Wherever pictures appear in the listing below, leave them out, and copy exactly, and only, everything from the line with "K&ouml;nnte beinhalten: Ein" down to the line with "Depressed lonely woman".
=== Section Start ===
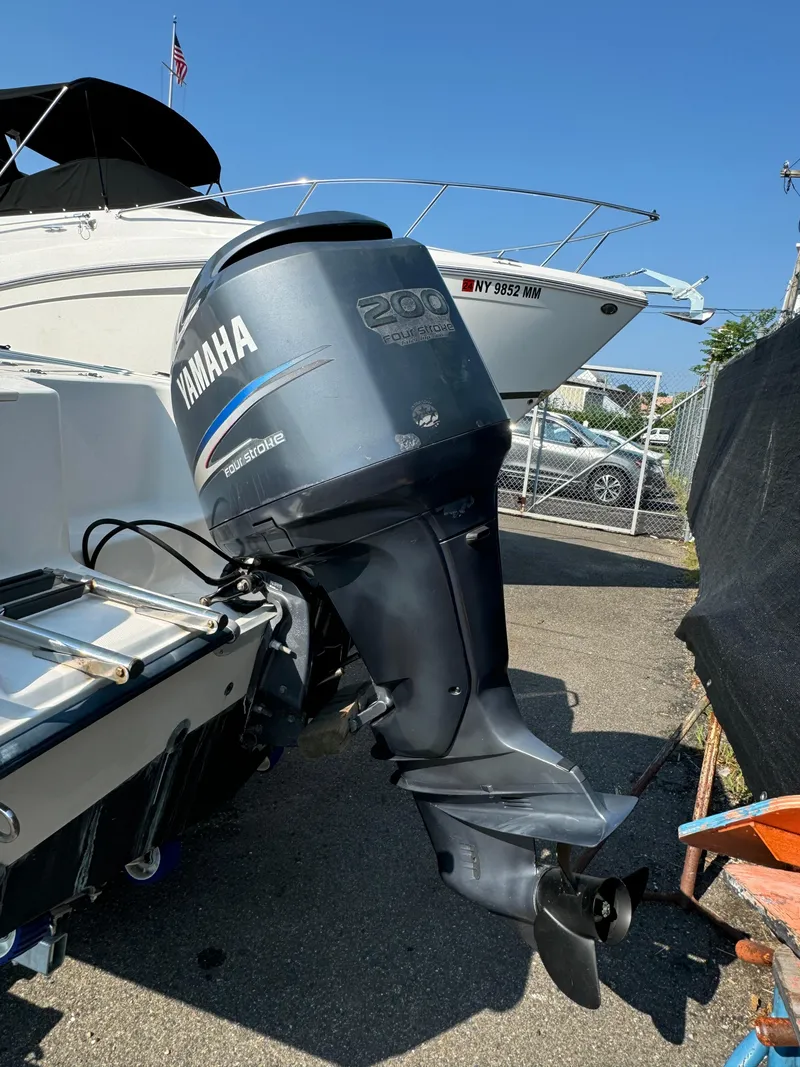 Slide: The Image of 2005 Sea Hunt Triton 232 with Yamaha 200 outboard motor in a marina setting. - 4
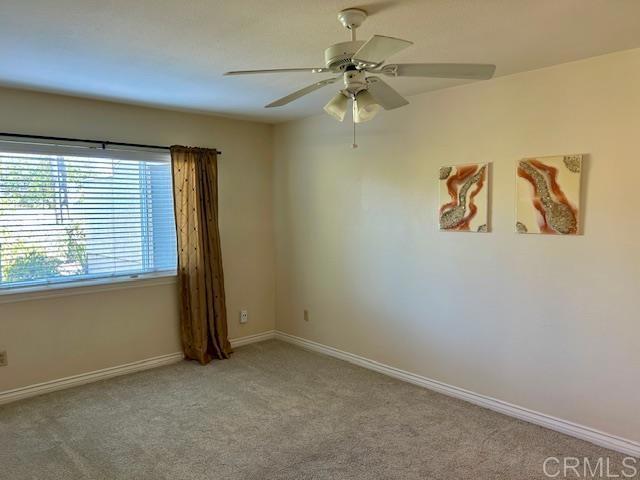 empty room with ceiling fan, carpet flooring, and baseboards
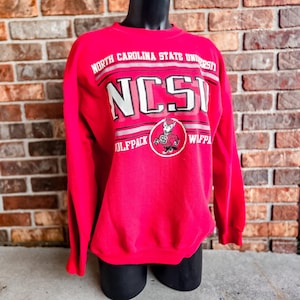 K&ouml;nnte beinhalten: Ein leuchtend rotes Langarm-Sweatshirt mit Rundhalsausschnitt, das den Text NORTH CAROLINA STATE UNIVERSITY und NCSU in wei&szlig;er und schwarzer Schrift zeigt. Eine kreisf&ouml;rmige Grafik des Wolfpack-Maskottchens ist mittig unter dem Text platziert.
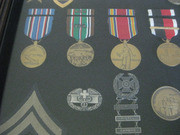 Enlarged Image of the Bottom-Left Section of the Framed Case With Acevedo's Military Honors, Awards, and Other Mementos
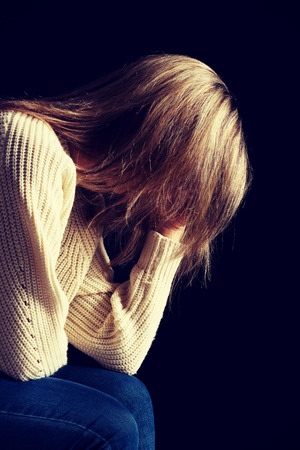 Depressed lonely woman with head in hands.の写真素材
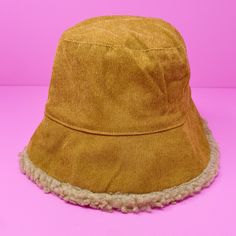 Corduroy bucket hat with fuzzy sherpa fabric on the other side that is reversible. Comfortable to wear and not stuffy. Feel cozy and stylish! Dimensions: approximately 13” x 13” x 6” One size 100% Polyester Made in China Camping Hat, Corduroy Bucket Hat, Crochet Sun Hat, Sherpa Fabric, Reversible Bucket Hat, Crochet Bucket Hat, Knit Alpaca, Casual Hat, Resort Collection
=== Section End ===
**Exercise result**:
 K&ouml;nnte beinhalten: Ein leuchtend rotes Langarm-Sweatshirt mit Rundhalsausschnitt, das den Text NORTH CAROLINA STATE UNIVERSITY und NCSU in wei&szlig;er und schwarzer Schrift zeigt. Eine kreisf&ouml;rmige Grafik des Wolfpack-Maskottchens ist mittig unter dem Text platziert.
 Enlarged Image of the Bottom-Left Section of the Framed Case With Acevedo's Military Honors, Awards, and Other Mementos
 Depressed lonely woman with head in hands.の写真素材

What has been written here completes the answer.